D’après les recherches menées par Olivier Galland, les étudiants décohabitants, surtout lorsqu’ils ne sont pas boursiers, sont plus exposés au risque de pauvreté. Ainsi, par exemple, les étudiants des filières universitaires et assimilés décohabitants en Île‑de‑France représentent 9,4 % des étudiants pauvres, alors qu’ils ne composent que 6,4 % des étudiants de cette catégorie ; ces mêmes étudiants hors Île-de-France représentent 32,5 % des étudiants pauvres, alors qu’ils ne composent que 26,3 % des étudiants. Les étudiants décohabitants qui ne bénéficient pas d’aide au logement ont ainsi 5 fois plus de risques d’être dans une situation de pauvreté que les étudiants cohabitants.
En revanche, Olivier Galland note que « l’octroi d’une bourse protège assez bien de la pauvreté, ou [en tout cas], réduit les risques de la subir puisque, à situations équivalentes, les boursiers ont des taux de pauvreté systématiquement inférieurs aux non boursiers ». Au cours de l’année universitaire 2021-2022, on décomptait 720 000 étudiants boursiers.
Parmi les autres facteurs de risques d’exposition aux difficultés financières, on retrouve le fait de résider en Île‑de‑France, notamment parce que les coûts du logement y sont plus élevés. Les étudiants ultramarins étudiant en métropole sont également plus exposés aux difficultés financières, en raison de l’éloignement de leur famille et de leur origine sociale souvent plus modeste ([5]). Enfin, les étudiants étrangers qui réalisent leurs études en France sont particulièrement touchés par la précarité, essentiellement en raison d’une aide financière moins importante de leur famille que les étudiants français.

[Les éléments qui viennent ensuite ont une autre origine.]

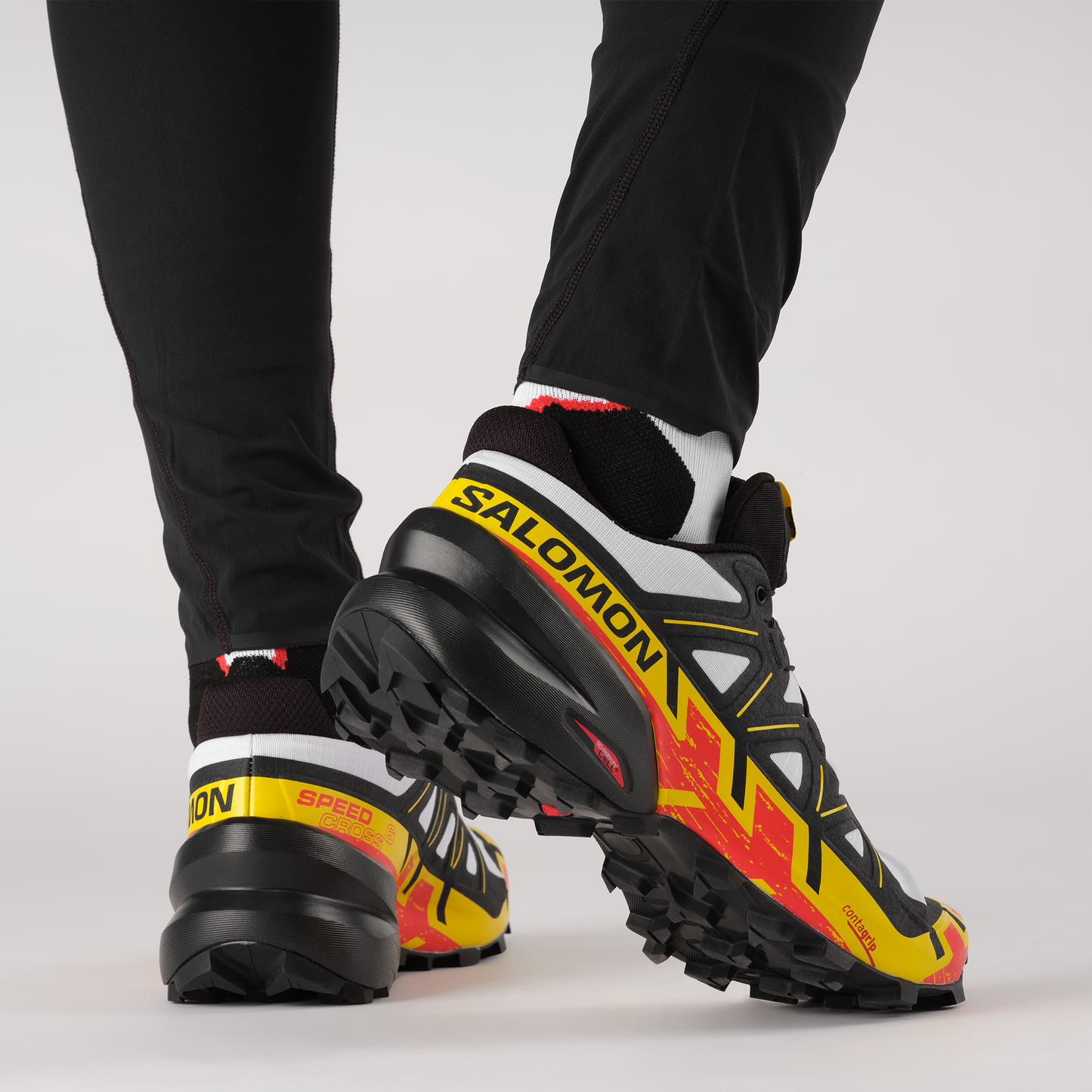 SPEEDCROSS 6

Selon les calculs réalisés par Olivier Galland, 11 % des étudiants connaîtraient une situation de pauvreté. Toutefois, en fonction des études et des enquêtes, le chiffre avancé peut être plus élevé. Ainsi, dans le cadre de l’enquête Conditions de vie de 2020, 26 % des étudiants considéraient ne pas avoir assez d’argent pour couvrir leurs besoins mensuels, et 20 % déclaraient être confrontés à des difficultés financières importantes ou très importantes.
3. L’effet des difficultés financières des étudiants sur leur alimentation
Les ressources moyennes mensuelles des étudiants s’établissent à 919 euros en 2020.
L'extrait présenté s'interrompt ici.